▶ [Work order]:
From the first line of the data below, repeat each line exactly until you reach the line with "Platinum suites 2 klcc by BHS"; include that line too.

[Task material]

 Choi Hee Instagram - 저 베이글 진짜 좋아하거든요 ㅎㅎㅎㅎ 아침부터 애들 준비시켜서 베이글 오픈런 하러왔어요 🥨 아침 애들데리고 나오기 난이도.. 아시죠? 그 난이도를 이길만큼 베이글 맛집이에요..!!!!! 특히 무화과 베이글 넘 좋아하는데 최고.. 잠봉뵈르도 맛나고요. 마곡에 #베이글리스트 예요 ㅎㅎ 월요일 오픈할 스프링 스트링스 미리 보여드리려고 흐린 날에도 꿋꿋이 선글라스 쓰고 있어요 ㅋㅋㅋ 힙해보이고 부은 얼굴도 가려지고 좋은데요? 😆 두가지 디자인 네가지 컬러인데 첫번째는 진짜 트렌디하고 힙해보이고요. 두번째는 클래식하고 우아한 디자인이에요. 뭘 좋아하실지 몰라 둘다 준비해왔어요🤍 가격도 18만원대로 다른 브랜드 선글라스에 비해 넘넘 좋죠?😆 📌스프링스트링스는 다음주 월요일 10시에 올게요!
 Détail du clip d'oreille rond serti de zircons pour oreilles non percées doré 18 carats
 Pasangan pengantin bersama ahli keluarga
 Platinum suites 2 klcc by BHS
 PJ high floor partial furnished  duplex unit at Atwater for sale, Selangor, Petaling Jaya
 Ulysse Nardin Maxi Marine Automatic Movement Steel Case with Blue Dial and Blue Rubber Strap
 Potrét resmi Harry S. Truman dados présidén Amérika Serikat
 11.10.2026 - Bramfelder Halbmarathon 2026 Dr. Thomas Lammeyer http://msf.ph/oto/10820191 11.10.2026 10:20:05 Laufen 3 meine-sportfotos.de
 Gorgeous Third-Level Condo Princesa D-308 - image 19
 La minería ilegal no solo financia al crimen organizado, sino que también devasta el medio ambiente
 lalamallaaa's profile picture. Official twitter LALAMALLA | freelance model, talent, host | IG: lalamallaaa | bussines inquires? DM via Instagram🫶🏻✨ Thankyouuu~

[/Task material]

▶ [Written response]:
 Choi Hee Instagram - 저 베이글 진짜 좋아하거든요 ㅎㅎㅎㅎ 아침부터 애들 준비시켜서 베이글 오픈런 하러왔어요 🥨 아침 애들데리고 나오기 난이도.. 아시죠? 그 난이도를 이길만큼 베이글 맛집이에요..!!!!! 특히 무화과 베이글 넘 좋아하는데 최고.. 잠봉뵈르도 맛나고요. 마곡에 #베이글리스트 예요 ㅎㅎ 월요일 오픈할 스프링 스트링스 미리 보여드리려고 흐린 날에도 꿋꿋이 선글라스 쓰고 있어요 ㅋㅋㅋ 힙해보이고 부은 얼굴도 가려지고 좋은데요? 😆 두가지 디자인 네가지 컬러인데 첫번째는 진짜 트렌디하고 힙해보이고요. 두번째는 클래식하고 우아한 디자인이에요. 뭘 좋아하실지 몰라 둘다 준비해왔어요🤍 가격도 18만원대로 다른 브랜드 선글라스에 비해 넘넘 좋죠?😆 📌스프링스트링스는 다음주 월요일 10시에 올게요!
 Détail du clip d'oreille rond serti de zircons pour oreilles non percées doré 18 carats
 Pasangan pengantin bersama ahli keluarga
 Platinum suites 2 klcc by BHS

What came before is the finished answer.